(MATERIAL FOR THIS EXERCISE):
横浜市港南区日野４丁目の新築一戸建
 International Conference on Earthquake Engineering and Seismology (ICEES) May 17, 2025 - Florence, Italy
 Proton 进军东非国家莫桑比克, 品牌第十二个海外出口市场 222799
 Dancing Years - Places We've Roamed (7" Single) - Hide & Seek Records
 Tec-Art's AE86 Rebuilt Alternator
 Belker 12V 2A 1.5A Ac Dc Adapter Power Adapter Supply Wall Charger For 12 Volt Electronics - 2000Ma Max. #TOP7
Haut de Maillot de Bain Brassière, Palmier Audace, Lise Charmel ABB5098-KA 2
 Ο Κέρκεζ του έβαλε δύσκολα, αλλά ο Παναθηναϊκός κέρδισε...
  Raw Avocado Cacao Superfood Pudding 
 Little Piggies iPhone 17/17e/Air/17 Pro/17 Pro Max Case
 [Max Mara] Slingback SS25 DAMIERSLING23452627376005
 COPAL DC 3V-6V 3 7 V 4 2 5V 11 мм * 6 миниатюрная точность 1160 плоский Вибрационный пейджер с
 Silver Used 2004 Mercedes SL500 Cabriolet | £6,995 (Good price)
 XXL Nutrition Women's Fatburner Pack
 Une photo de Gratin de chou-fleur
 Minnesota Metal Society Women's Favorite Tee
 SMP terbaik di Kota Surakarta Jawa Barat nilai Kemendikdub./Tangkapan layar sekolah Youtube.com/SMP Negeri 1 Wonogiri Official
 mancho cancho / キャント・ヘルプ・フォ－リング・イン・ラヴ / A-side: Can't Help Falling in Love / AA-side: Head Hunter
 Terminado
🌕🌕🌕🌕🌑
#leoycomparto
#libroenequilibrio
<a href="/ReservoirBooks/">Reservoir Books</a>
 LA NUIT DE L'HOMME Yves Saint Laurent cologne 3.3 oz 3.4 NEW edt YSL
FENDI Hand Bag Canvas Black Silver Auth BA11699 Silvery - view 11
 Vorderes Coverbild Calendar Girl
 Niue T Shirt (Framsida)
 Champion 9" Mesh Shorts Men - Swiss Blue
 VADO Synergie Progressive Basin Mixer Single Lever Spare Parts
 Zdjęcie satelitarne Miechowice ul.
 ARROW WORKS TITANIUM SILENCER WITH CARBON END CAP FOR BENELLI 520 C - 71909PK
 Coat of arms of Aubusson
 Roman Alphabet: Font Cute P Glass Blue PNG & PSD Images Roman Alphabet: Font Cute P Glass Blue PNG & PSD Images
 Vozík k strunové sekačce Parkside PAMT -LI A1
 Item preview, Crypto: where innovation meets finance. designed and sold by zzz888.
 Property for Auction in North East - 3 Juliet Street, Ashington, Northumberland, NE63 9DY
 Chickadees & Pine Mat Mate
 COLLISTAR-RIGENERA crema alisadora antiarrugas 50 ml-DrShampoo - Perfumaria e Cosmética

(GOAL OF THE EXERCISE): Starting at the line that contains "ARROW WORKS TITANIUM" and ending at the last line of the data, repeat each line exactly; include nothing else.

(WRITTEN REPLY):
 ARROW WORKS TITANIUM SILENCER WITH CARBON END CAP FOR BENELLI 520 C - 71909PK
 Coat of arms of Aubusson
 Roman Alphabet: Font Cute P Glass Blue PNG & PSD Images Roman Alphabet: Font Cute P Glass Blue PNG & PSD Images
 Vozík k strunové sekačce Parkside PAMT -LI A1
 Item preview, Crypto: where innovation meets finance. designed and sold by zzz888.
 Property for Auction in North East - 3 Juliet Street, Ashington, Northumberland, NE63 9DY
 Chickadees & Pine Mat Mate
 COLLISTAR-RIGENERA crema alisadora antiarrugas 50 ml-DrShampoo - Perfumaria e Cosmética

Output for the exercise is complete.